L’Avvocato generale premette di non ritenere applicabile l’articolo 56 TFUE (principio di libera prestazione dei servizi) nella misura in cui le attività regolamentate richiedono uno stabilimento in Italia. Inoltre, egli valuta non giustificata un’analisi separata delle disposizioni nazionali di cui trattasi alla luce dell’articolo 63 TFUE (libera circolazione dei capitali), in quanto i possibili effetti sulla circolazione transfrontaliera di capitali sono accessori agli effetti restrittivi – e indissociabili da essi – che le misure considerate potrebbero avere sulla prestazione di servizi al cui fine quei capitali vengono utilizzati.
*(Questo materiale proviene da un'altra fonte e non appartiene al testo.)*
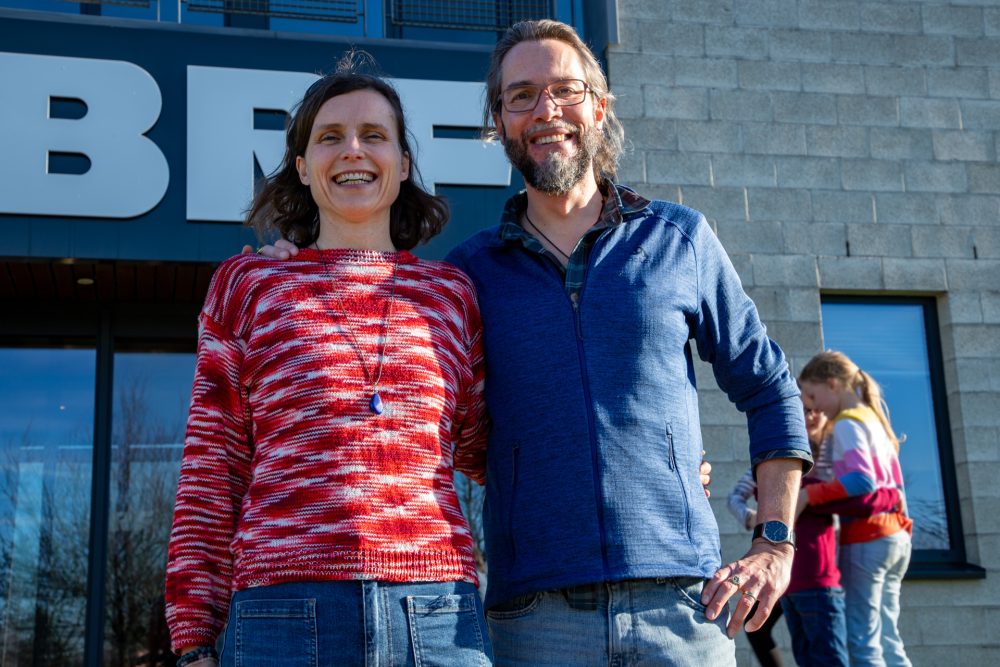 Anna und Patrick Hemminger posieren vor dem BRF-Funkhaus für ein Foto, im Hintergrund sind ihre Kinder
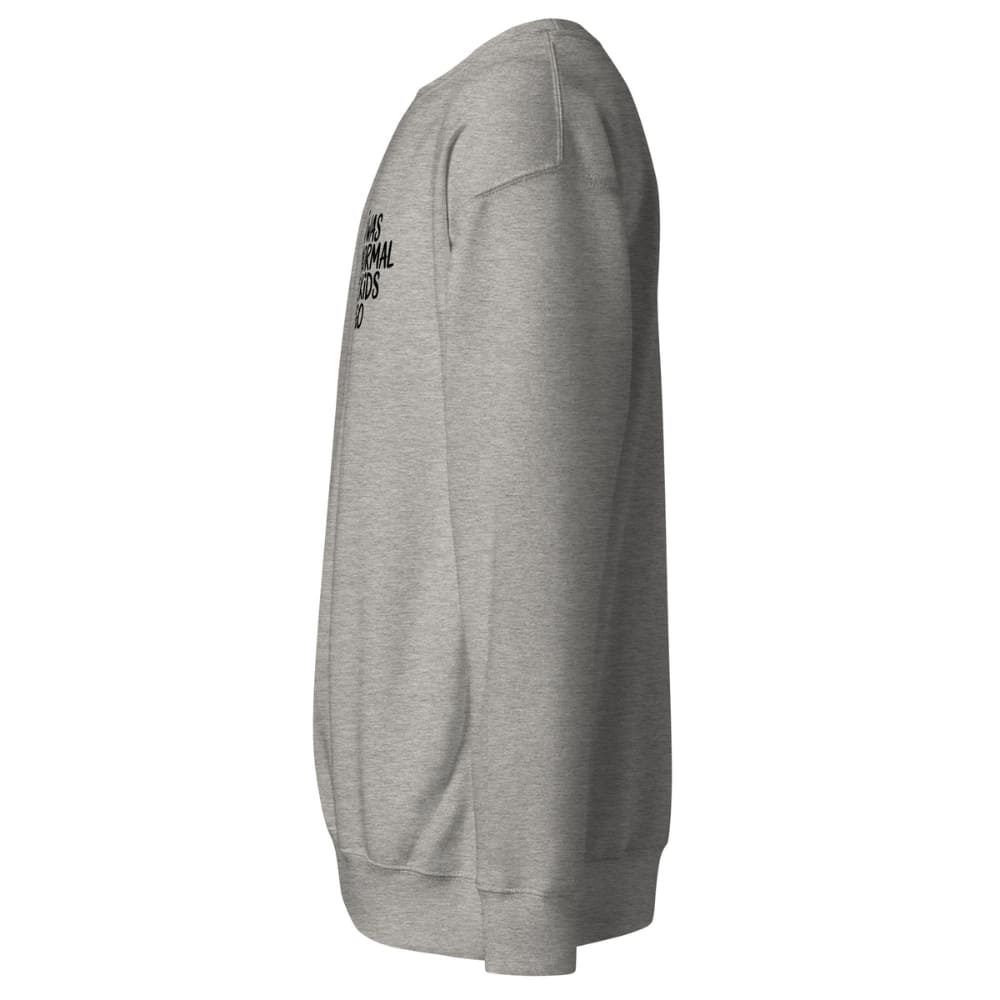 Gray sweatshirt with a brand logo on the sleeve against a white background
L’Avvocato generale avvia quindi la sua analisi evidenziando che le disposizioni nazionali di cui trattasi costituiscono una restrizione alla libertà di stabilimento (art. 49 TFUE): infatti, l’introduzione di requisiti più onerosi al fine di ottenere concessioni per i servizi di gioco potrebbe dissuadere le imprese straniere dallo stabilirsi in Italia per tali servizi. Tuttavia, l’Avvocato generale ritiene che detta restrizione sia giustificata dallo scopo di migliorare la solidità economico-finanziaria dei concessionari e di rafforzarne l’affidabilità e l’onorabilità, nonché di combattere la criminalità: questi sono – senza dubbio – obiettivi legittimi che possono autorizzare una restrizione della libertà di stabilimento. Inoltre, per l’Avvocato generale, è rispettato il principio di proporzionalità.

Per quanto riguarda la proporzionalità, l’Avvocato generale ritiene che le disposizioni nazionali di cui trattasi siano idonee a contribuire al conseguimento dei citati obiettivi e che esse non vadano oltre lo strettamente necessario, specificando che tale ultimo aspetto, in particolare, dovrà essere vagliato dal giudice nazionale. L’Avvocato generale esclude, poi, che la normativa nazionale in questione comporti la violazione dei principio di libertà d’impresa sancito dall’art. 16 della carta dei diritti fondamentali dell’Unione europea. L’Avvocato generale sottolinea, infine, che Global Starnet non può lamentare la violazione del legittimo affidamento, mancando un chiaro ed espresso impegno da parte dell’autorità competente a conservare la situazione esistente, la quale, quindi, ben poteva essere modificata nell’ambito del potere discrezionale delle autorità nazionali.